Saved entries

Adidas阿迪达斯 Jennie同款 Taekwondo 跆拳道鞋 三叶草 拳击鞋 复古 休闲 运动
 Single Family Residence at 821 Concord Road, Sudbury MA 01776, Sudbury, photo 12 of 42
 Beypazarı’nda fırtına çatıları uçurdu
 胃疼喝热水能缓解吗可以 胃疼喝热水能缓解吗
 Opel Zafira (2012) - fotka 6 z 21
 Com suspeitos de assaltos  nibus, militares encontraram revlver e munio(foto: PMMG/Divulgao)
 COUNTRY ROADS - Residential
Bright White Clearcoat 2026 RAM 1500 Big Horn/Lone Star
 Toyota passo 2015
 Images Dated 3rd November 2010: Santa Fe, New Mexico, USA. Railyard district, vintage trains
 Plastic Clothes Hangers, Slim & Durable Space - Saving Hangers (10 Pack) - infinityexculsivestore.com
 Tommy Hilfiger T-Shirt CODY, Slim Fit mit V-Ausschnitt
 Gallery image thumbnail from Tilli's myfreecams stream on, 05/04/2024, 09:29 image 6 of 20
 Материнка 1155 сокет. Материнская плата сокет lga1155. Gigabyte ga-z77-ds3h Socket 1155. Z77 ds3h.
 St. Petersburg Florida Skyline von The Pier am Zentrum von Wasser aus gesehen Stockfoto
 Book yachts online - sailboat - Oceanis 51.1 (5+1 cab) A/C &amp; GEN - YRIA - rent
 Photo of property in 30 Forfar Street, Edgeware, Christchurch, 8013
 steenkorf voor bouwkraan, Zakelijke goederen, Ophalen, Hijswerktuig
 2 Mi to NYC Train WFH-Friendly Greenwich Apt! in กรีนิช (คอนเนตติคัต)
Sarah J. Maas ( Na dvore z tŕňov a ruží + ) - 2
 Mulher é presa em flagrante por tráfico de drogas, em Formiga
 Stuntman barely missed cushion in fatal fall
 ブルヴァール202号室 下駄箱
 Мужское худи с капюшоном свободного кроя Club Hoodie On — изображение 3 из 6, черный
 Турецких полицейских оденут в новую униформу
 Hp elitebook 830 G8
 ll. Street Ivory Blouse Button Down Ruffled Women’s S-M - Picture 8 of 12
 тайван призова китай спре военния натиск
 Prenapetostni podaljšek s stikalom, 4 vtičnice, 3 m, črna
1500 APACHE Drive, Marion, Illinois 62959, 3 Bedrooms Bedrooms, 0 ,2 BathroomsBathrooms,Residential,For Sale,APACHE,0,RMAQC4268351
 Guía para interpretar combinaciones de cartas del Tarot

» Exercise objective: Where a line contains "ll. Street Ivory", begin there and output each line through the end of the data above, exactly; give no other lines.

» Response:
 ll. Street Ivory Blouse Button Down Ruffled Women’s S-M - Picture 8 of 12
 тайван призова китай спре военния натиск
 Prenapetostni podaljšek s stikalom, 4 vtičnice, 3 m, črna
1500 APACHE Drive, Marion, Illinois 62959, 3 Bedrooms Bedrooms, 0 ,2 BathroomsBathrooms,Residential,For Sale,APACHE,0,RMAQC4268351
 Guía para interpretar combinaciones de cartas del Tarot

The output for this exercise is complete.